IL FASCISMO ETERNO CHE SI NUTRE DELLA RABBIA E DELL’INSODDISFAZIONE

I più giovani dovranno nei prossimi anni affrontare sfide davvero epocali. Il nostro mondo, lo vediamo tutti, cambia molto velocemente. Guerre, la crisi climatica all’orizzonte che modificherà gli equilibri e costringerà a modificare il nostro stile di vita; per gestire il futuro non basterà costruire muri più alti. Ci sarà bisogno di lucidità e intelligenza, di studio. Quando questi mancano le stesse pulsioni che hanno generato i fascismi sono pronte a riemergere. È il fascismo eterno, come lo chiamava Umberto Eco, senza camicia nera, senza adunate in Piazza Venezia, ma che ritorna sempre, pronto a nutrirsi della rabbia e dell’insoddisfazione.

LIBERTA’ E LIBERAZIONE, UN COMPITO DIFFICILE

Libertà e liberazione sono un compito difficile, un compito che non finisce mai. La resistenza di allora è riuscita ad unire nel desiderio di libertà e le più diverse idee, le più diverse fedi politiche. Socialisti e monarchici, badogliani e comunisti, cattolici e atei, liberali e repubblicani. Il loro comune percorso ci ha lasciato un’eredità ben precisa, la Costituzione, un testo definito di compromesso; da cum-promittere, stringere insieme un patto.
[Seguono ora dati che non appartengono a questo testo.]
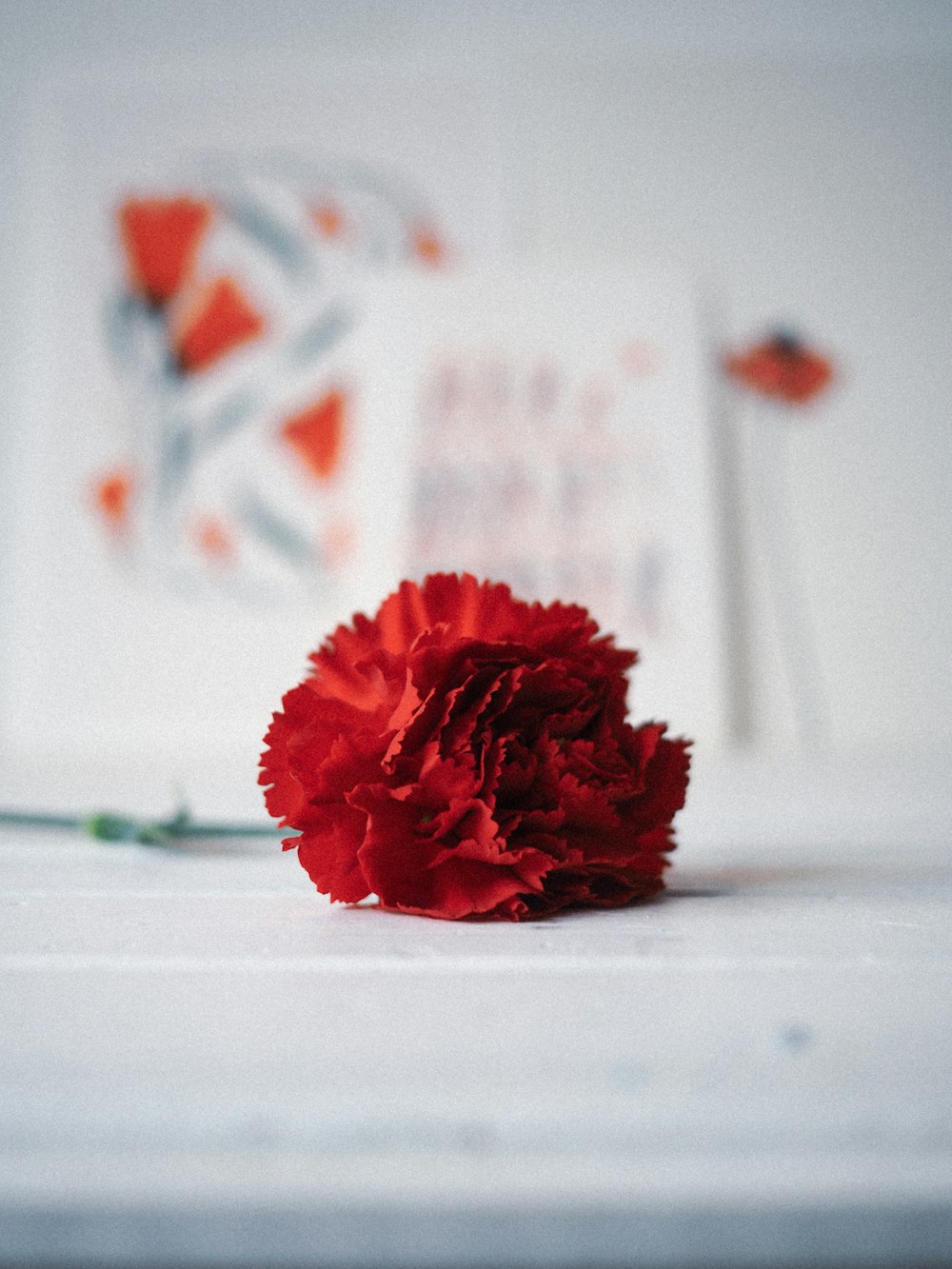 a red carnation sitting on top of a white table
Che sia ancora questo patto a guidarci anche nei momenti più difficili. Lì c’è tutto, non dobbiamo inventare nulla: i diritti legati ai doveri, il prendersi cura della cosa pubblica, l’uguaglianza di dignità tra esseri umani, il diritto e dovere dell’accoglienza, il ripudio della guerra… Ci insegna soprattutto ce la democrazia, per quanto incerta, per quanto traballante, è sempre preferibile a una dittatura, qualunque essa sia.
Diceva il presidente Smuraglia, “basta lamentarsi, schiena dritta e camminare verso le stelle”

Viva la Resistenza, Viva l’Italia libera.